O homem perdeu o emprego em razão da doença e permaneceu internado por quase três meses em uma clínica especializada. Mesmo assim, o colegiado concluiu que a condição de saúde não justifica a redução da obrigação alimentar.
Ao fundamentar o voto, o relator do processo, desembargador Eduardo Cambi, ressaltou que a compulsão por apostas pode destruir patrimônios, mas não elimina os deveres dos pais em relação aos filhos.
Segundo o magistrado, a ludopatia exige tratamento médico e psicológico.
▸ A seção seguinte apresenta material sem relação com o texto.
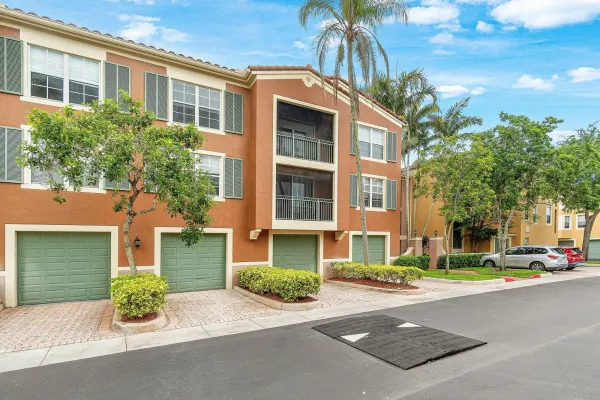 11740 St Andrews Place 304, Wellington, FL 33414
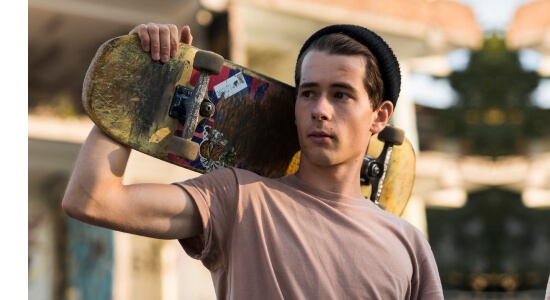 The Shoulder Skateboard Hold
No entanto, essa condição não pode transferir às crianças o peso financeiro causado pelo transtorno.
Para o Tribunal, o melhor interesse dos filhos deve prevalecer em decisões relacionadas à pensão alimentícia, principalmente quando estão em jogo direitos fundamentais de crianças e adolescentes.
O acórdão também destaca que a Organização Mundial da Saúde (OMS) reconhece a ludopatia como um transtorno mental. A doença provoca perda persistente do controle sobre jogos e apostas, mesmo quando a pessoa enfrenta prejuízos financeiros, familiares, profissionais e emocionais.
Além disso, a decisão afirma que o problema não representa apenas falta de disciplina ou dificuldade de controlar impulsos. Na avaliação dos desembargadores, a doença compromete a capacidade de decisão do indivíduo e pode afetar diretamente suas responsabilidades familiares.
Por isso, o TJPR considerou que a análise de casos envolvendo ludopatia deve observar tanto a vulnerabilidade do paciente quanto a necessidade de proteger a família.
O Tribunal também chamou atenção para o crescimento das apostas on-line e para o aumento dos casos relacionados ao vício em jogos. Segundo o acórdão, o tema ultrapassa a esfera patrimonial e passou a representar um desafio para a saúde pública e para a proteção das famílias.
Além disso, os desembargadores observaram que o assunto já está em debate no Poder Legislativo. Entre as propostas discutidas estão o fortalecimento das políticas de prevenção, a identificação precoce do transtorno, a ampliação do acesso ao tratamento e a criação de regras mais rígidas para a publicidade das plataformas de apostas.
O acórdão ainda menciona medidas voltadas ao chamado jogo responsável, como advertências obrigatórias, deveres de informação e restrições à divulgação das apostas. Também existem propostas que defendem limitar ou até proibir determinadas formas de exploração desse mercado, diante dos impactos econômicos e sociais provocados pelo vício.
Com a decisão, o TJPR reforça que o reconhecimento da ludopatia como doença não afasta as responsabilidades parentais e confirma que a proteção dos filhos deve permanecer como prioridade nas decisões judiciais.